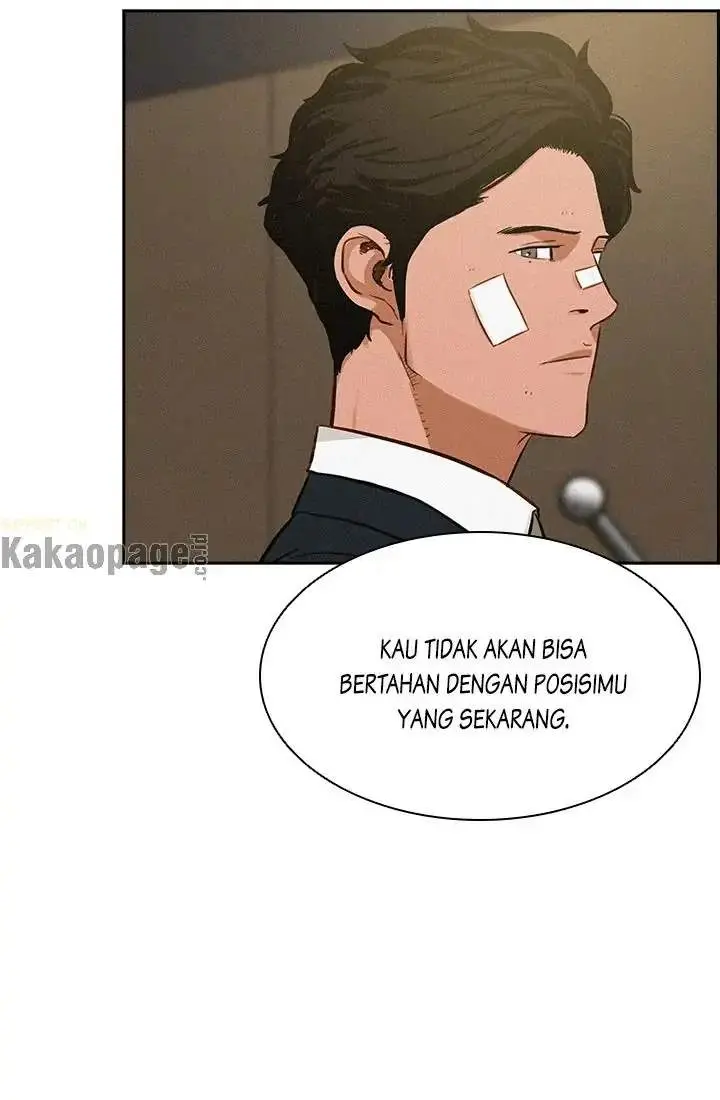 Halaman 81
○ ○ ○ ○ ○ ○ ○
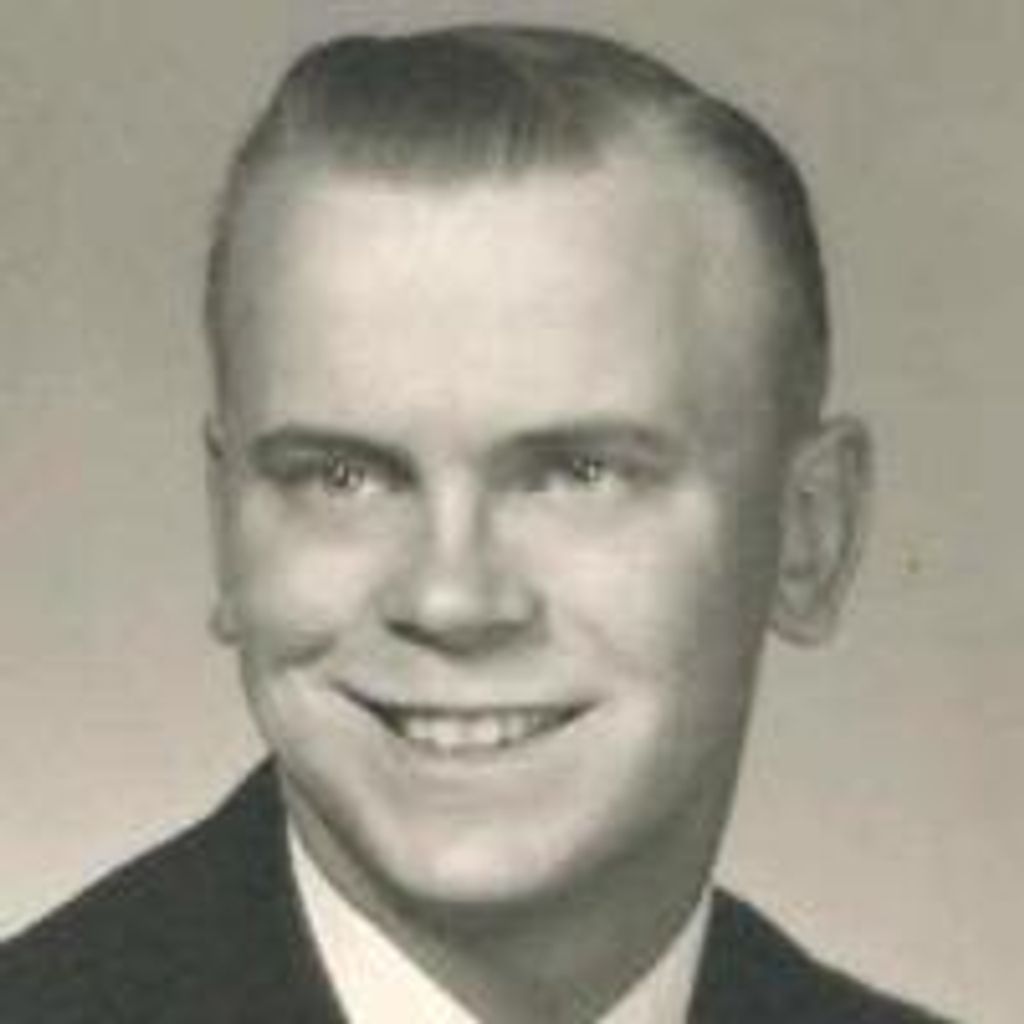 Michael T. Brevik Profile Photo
○ ○ ○ ○ ○ ○ ○
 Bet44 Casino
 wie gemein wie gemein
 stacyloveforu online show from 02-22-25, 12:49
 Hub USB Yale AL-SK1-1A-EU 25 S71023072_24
○ ○ ○ ○ ○ ○ ○
- [The problem] Above this instruction are the records; retype exactly the lines from the one containing "stacyloveforu online show" up to and including the one containing "Hub USB Yale AL-SK1-1A-EU 25 S71023072_24".

- [Finished task]
 stacyloveforu online show from 02-22-25, 12:49
 Hub USB Yale AL-SK1-1A-EU 25 S71023072_24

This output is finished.